Configure Collector Export to Amazon S3 Archive


Note
This feature is available as an add-on for the Honeycomb Enterprise plan. Please contact your Honeycomb account team for details.

Honeycomb supports rehydrating archived, unsampled OpenTelemetry (OTel) trace and log data from an Amazon S3 bucket. In this guide, you will learn how to configure an OpenTelemetry Collector to export unsampled data to an Amazon S3 bucket.

Configure the AWS S3 Exporter 

Set the following s3uploader attributes in your AWS S3 Exporter:

  • region: your S3 region.
  • s3_bucket: the name of your S3 bucket.
  • s3_prefix: the directory to store your trace and log data in.
  • compression: set to gzip to reduce object storage cost.
  • marshaler: set to otlp_proto to improve parsing performance.

In this configuration, files will be organized into subdirectories with minute resolution: "year=%Y/month=%m/day=%d/hour=%H/minute=%M".

You can batch the data sent to your S3 bucket by configuring the sending_queue section of the exporter:

  • flush_timeout: The time after which a batch will be sent regardless of its size. Must be a non-zero value.
  • min_size: The minimum size of a batch.
  • max_size: The maximum size of a batch, which enables batch splitting. The maximum size of a batch should be greater than or equal to the minimum size of a batch.
  • queue_size: Maximum size the queue can accept. Measured in units defined by sizer. Defaults to 1000.
  • sizer: How the queue and batching is measured. Default is requests. Available options:
    • requests: number of incoming batches of metrics, logs, traces (the most performant option).
    • items: number of the smallest parts of each signal (spans, metric data points, log records).
    • bytes: the size of serialized data in bytes (the least performant option).

You can also set a custom timeout for the exporter, which is the amount of time to wait per individual attempt to send data to a backend. The default is 5 seconds.

Here is an example AWS S3 Exporter configuration:

exporters:
  awss3:
    s3uploader:
        region: 'us-east-1'
        s3_bucket: 'my-test-bucket'
        s3_prefix: 'traces-logs-directory'
        compression: 'gzip'
        marshaler: 'otlp_proto'
        sending_queue:
            batch:
                flush_timeout: 30s
                max_size: 50000
                min_size: 50000
            enabled: true
            queue_size: 500000
            sizer: items
        timeout: 30s

Configure a Pipeline 

Honeycomb supports processing both trace and log OpenTelemetry signal types for data activation and rehydration. These signal types can be sent through the AWS S3 exporter in your collector’s pipelines configuration.

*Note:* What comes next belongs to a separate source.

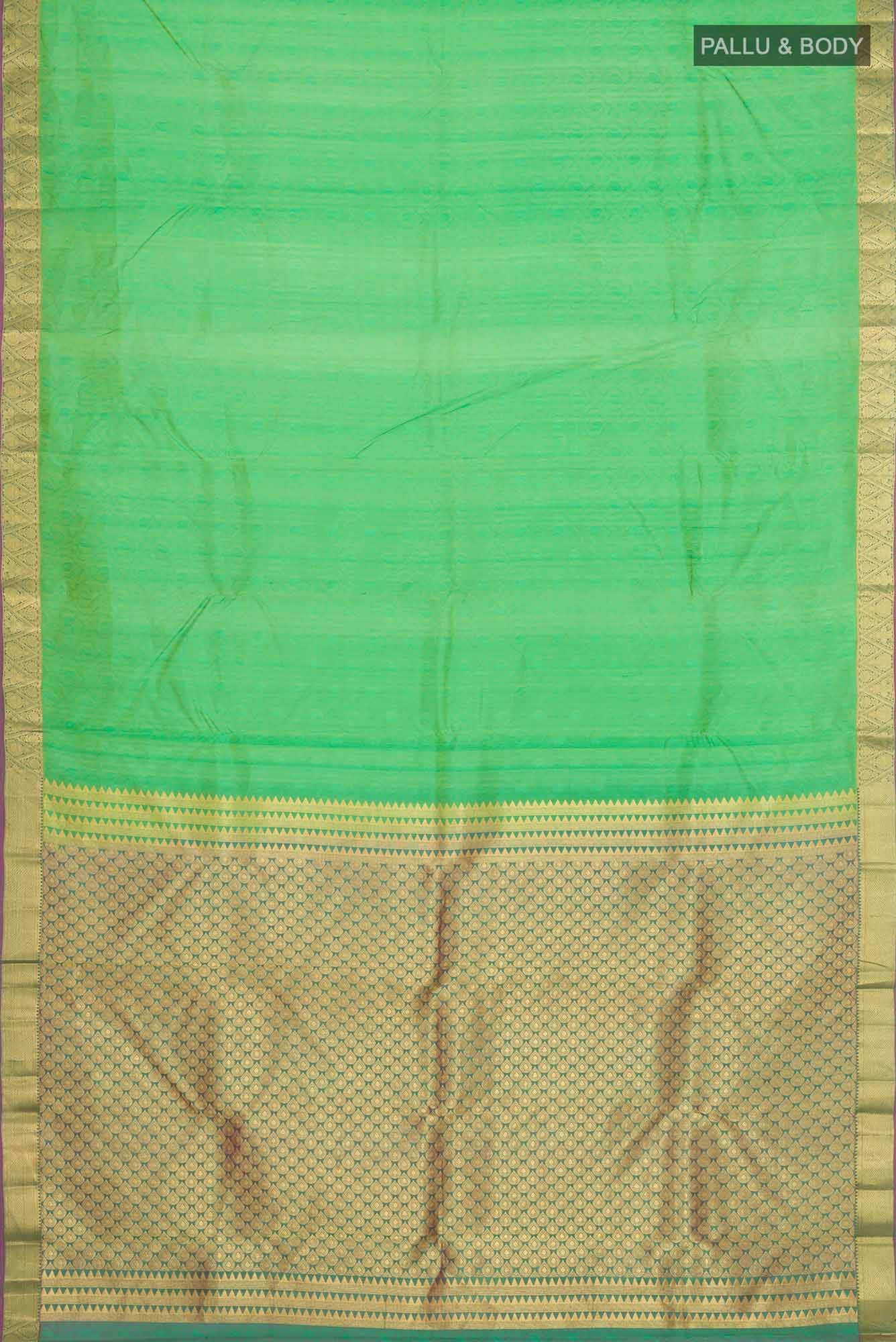 Green Kanchipuram Silk Saree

You should set up a separate pipeline configuration block for each signal type. In this example, pipelines for logs and traces are labeled to indicate pipelines intended for object storage (storage in Amazon S3):

service:
    pipelines:
        traces:
            // [...]
        logs:
            // [...]
        logs/objectstorage:
            exporters:
                - awss3
            receivers:
                - otlp
        traces/objectstorage:
            exporters:
                - awss3
            receivers:
                - otlp

Full example configuration 

The example below shows a simple, but complete OpenTelemetry (OTel) Collector configuration for exporting both log and trace OTel signal types through the AWS S3 exporter where:

  • Trace and log telemetry is exported to an Amazon S3 bucket called "my-test-bucket".
  • An S3 prefix is used at the root of the bucket called "traces-logs-directory".
  • Data will be partitioned into subdirectories underneath the prefix with minute resolution.
  • Files uploaded to S3 will be compressed with gzip compression.
receivers:
  otlp:
    protocols:
      grpc:
        endpoint: 0.0.0.0:4317

exporters:
  awss3:
    s3uploader:
        region: 'us-east-1'
        s3_bucket: 'my-test-bucket'
        s3_prefix: 'traces-logs-directory'
        compression: 'gzip'
        marshaler: 'otlp_proto'
        sending_queue:
            batch:
                flush_timeout: 30s
                max_size: 50000
                min_size: 50000
            enabled: true
            queue_size: 500000
            sizer: items
        timeout: 30s

service:
    pipelines:
        logs/objectstorage:
            exporters:
                - awss3
            receivers:
                - otlp
        traces/objectstorage:
            exporters:
                - awss3
            receivers:
                - otlp